A few questions might arise after you read this.

Why is it OK to delete blobs data after 18 days? How would users access older blobs?

Rollups publish cryptographic commitments to their transaction data on chain and simultaneously make the underlying transaction data available through data blobs. This arrangement allows independent provers to verify the accuracy of commitments or challenge incorrect data if necessary. At the network level, consensus clients temporarily store these data blobs and attest that the data has been propagated and made available across the Ethereum network. To prevent nodes from becoming excessively large and resource intensive over time, this data is automatically pruned after 18 days. The attestations provided by consensus clients guarantee that provers had adequate time and access to verify or challenge data during this period. After pruning, the actual data can continue to be stored off chain by rollup operators, users, or other third parties.
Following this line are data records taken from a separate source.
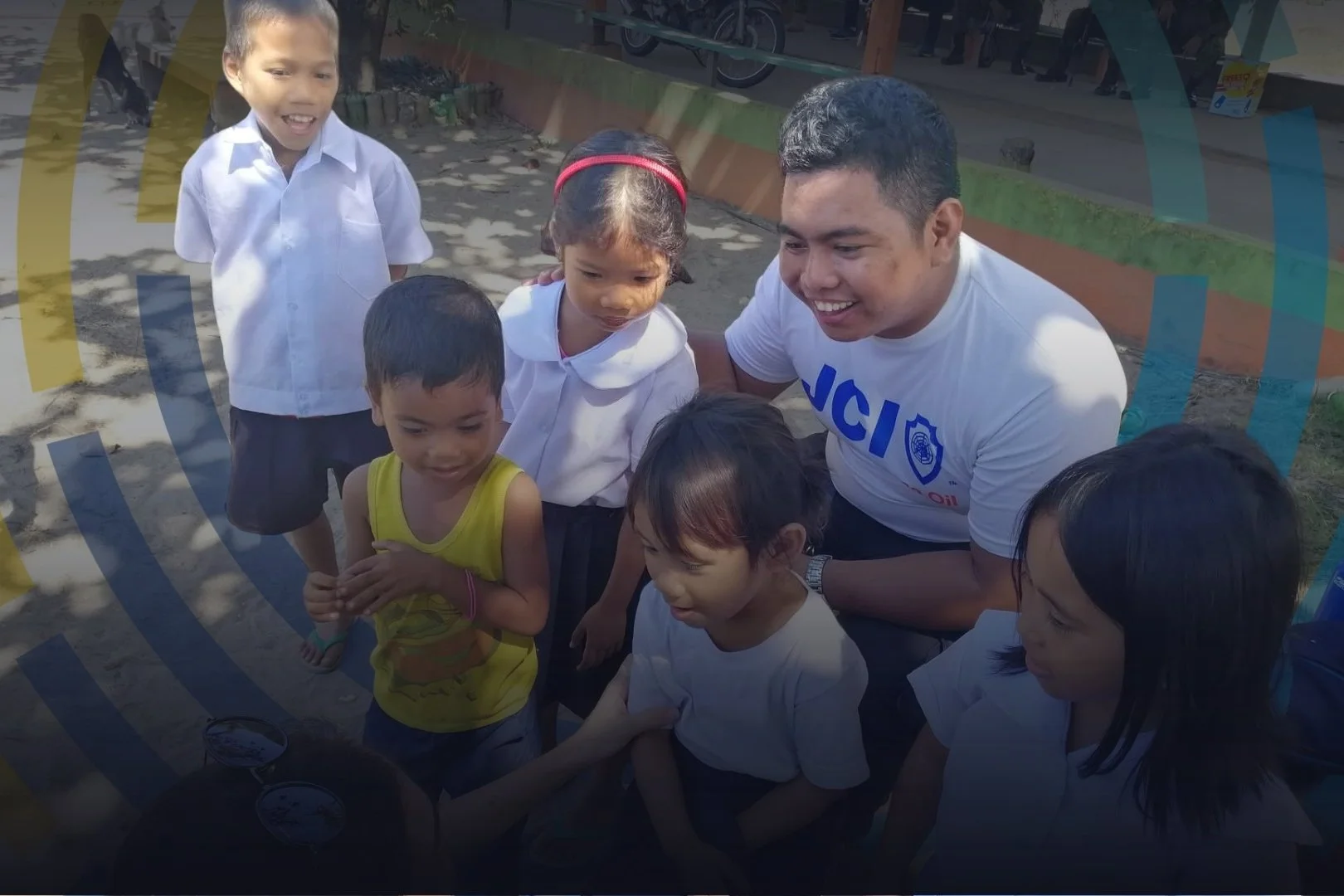 A group of young children gathered outdoors around a smiling man wearing a white T-shirt, engaged in an activity with small containers. The children are attentively watching and listening, appearing curious and interested.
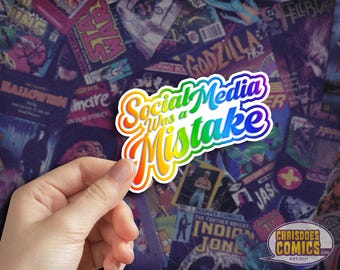 May include: A rainbow-colored sticker with the text "Social Media Was a Mistake" in a bold, stylized font. The sticker is held in a hand against a background of comic book covers.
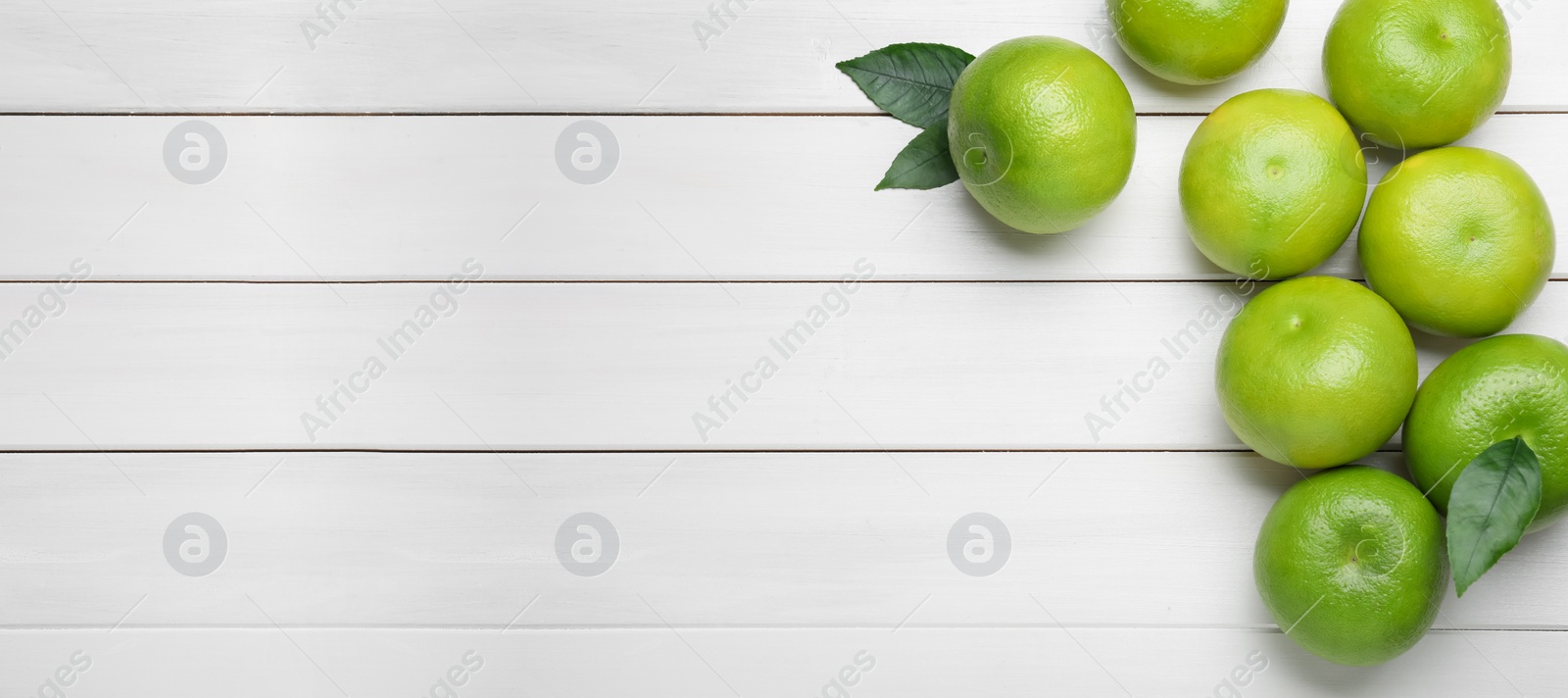 Photo of Fresh ripe sweeties on white wooden table, flat lay. Space for text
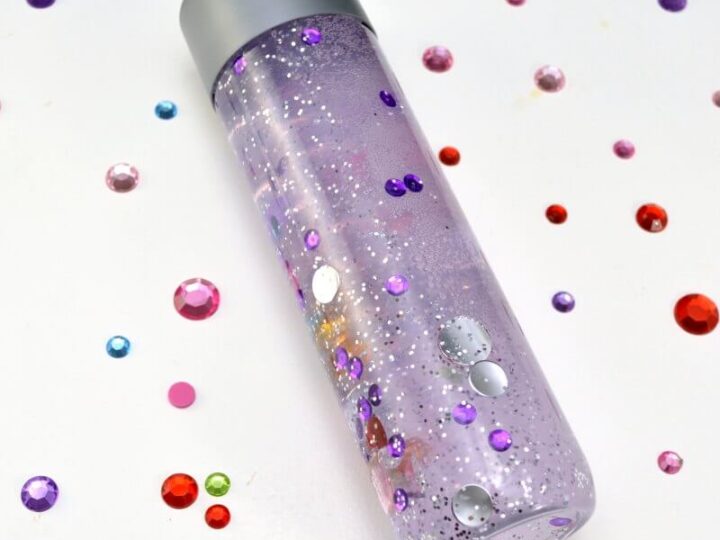A transparent bottle with a silver cap contains purple liquid and floating sequins, glitter, and shiny round embellishments. Colorful sequins are scattered on the white surface around the bottle.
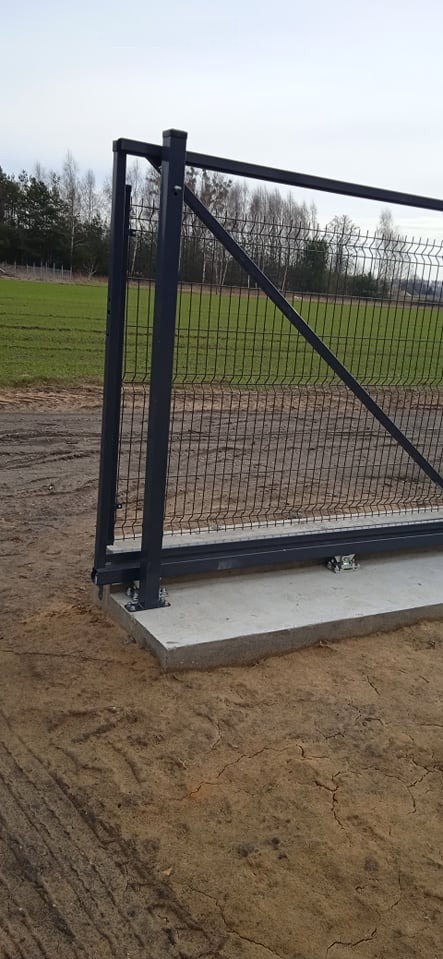 Fragment przesuwnej bramy panelowej z metalową konstrukcją, osadzonej na betonowej podstawie. W tle pole i drzewa.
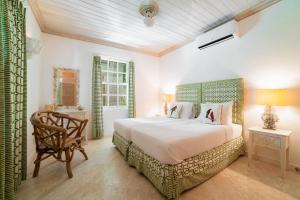 a bedroom with a large bed and a chair at Beacon Hill 202 - Moonshadow by Blue Sky Luxury in Saint Peter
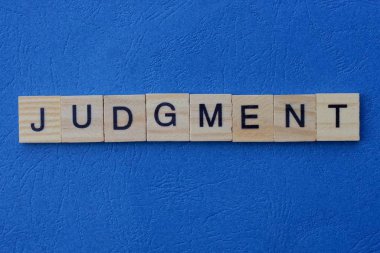 Gri ahşap harflerden yapılmış kelime yargısı mavi bir arka planda yatar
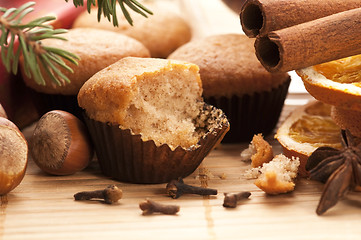 Image showing Freshly baked muffins with difrens kind of spieces - christmas d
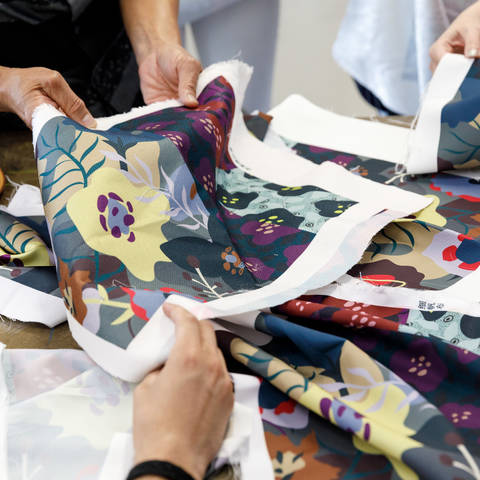 many hands holding pieces of patterned fabric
There are several practical methods for storing and making historical data easily accessible in the long term. For instance, application-specific protocols (such as individual rollups) can require their own nodes to retain the historical data relevant specifically to their applications. Since historical data loss poses no risk to Ethereum itself, only to individual applications, it makes sense for each application to independently manage its data storage. Other potential solutions include using decentralized systems like BitTorrent—for instance, to regularly generate and distribute daily snapshots of blob data—or leveraging Ethereum's Portal Network, which can be expanded to support historical data storage. Additionally, services such as block explorers, API providers, or third-party indexing platforms like The Graph are likely to maintain comprehensive archives. Finally, individual researchers, hobbyists, or academic institutions conducting data analysis could also keep complete historical records locally, benefiting from the convenience and performance gains of direct access to the data.

Wouldn't it be better to reduce the costs in the normal transaction's calldata instead of having 1 MB bandwidth per slot dedicated to blobs?

The issue here relates to the difference between the average load on the Ethereum network and its worst-case (peak) load. Currently, Ethereum blocks average about 90 KB, although the theoretical maximum block size, achieved if all 36 million gas in a block were used entirely for calldata,⁷ is approximately 2 MB. Ethereum has occasionally processed blocks nearing this maximum size without major issues. However, if we simply lowered the gas cost of calldata tenfold while the average block size remained manageable, the potential worst-case block size would surge to around 20 MB, overwhelming the Ethereum network.

⁷

Calldata refers to the portion of a transaction containing data that isn't executed directly but is posted on chain primarily for record-keeping and verification purposes.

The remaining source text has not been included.